Williams has been honoured a good number of times by various bodies and organisations. Most notably is the honour by the Federal Government of Nigeria who conferred on him, the honour of Commander of the Federal Republic of Nigeria (CFR). He was also awarded the Honorary Commander of the Most Excellent Order of the British Empire (CBE), 1997 - for services to the accountancy profession, the promotion of art and music through The Musical Society of Nigeria (MUSON) and encouraging friendly relationship between Nigeria and Britain.
Not only that, he is Knight of the Order of Rio Branco of the Federative Republic of Brazil; First Gold Medallist, Institute of Chartered Accountants of Nigeria, 1988; and was honoured by the Harvard Business School Association of Nigeria as The Business Statesman for 1992.
He has served as chairman or member on a number of public concerns in Nigeria such as: International Lions Club District 404 - Founding Member of the Club in Nigeria and its Doyen; the Metropolitan Club (Member); and President, (1988 to 1993); Business Club, Ikeja (Honorary Member); Ikoyi Club 1933 (Member); Patron, Nigeria-Britain Association; Patron, Lagos Business School; Patron, Nigerian National Committee of United World Colleges.
One cannot talk about Mr.
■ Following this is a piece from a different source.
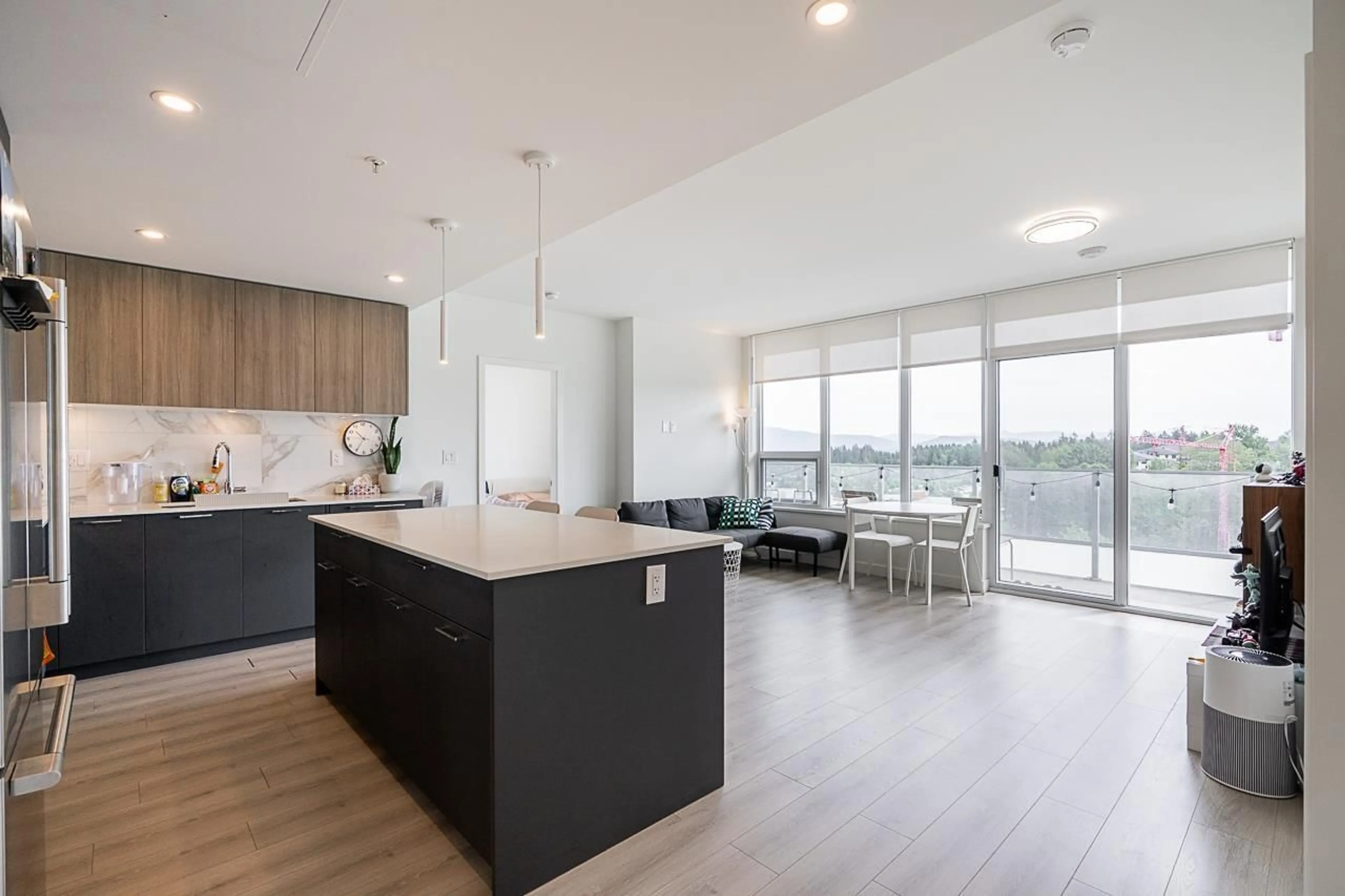 Open concept kitchen, unknown for 901 - 8551 201 STREET, Langley British Columbia V2Y3Y5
Akintola Williams without talking about his late wife Mrs. Oye Williams, who knew how to build her home like the wise woman of the Bible. The late Oye Williams was the first secretary of his firm, Akintola Williams & Co. She worked late into the night to ensure that reports and accounts were typed and bound up in the way that became the firm‘s house style. She would always be remembered for her great contribution to the growth of the firm.
She was the strong support he had from the day he decided not to renew his contract with the civil service and established the firm Akintola Williams & Co, and MUSON up to the time of her death in 2009.
Mr. Akintola Williams retired in March 1983 as Managing Partner of Akintola Williams & Co., a member firm of Deloitte Touche Tohmatsu International.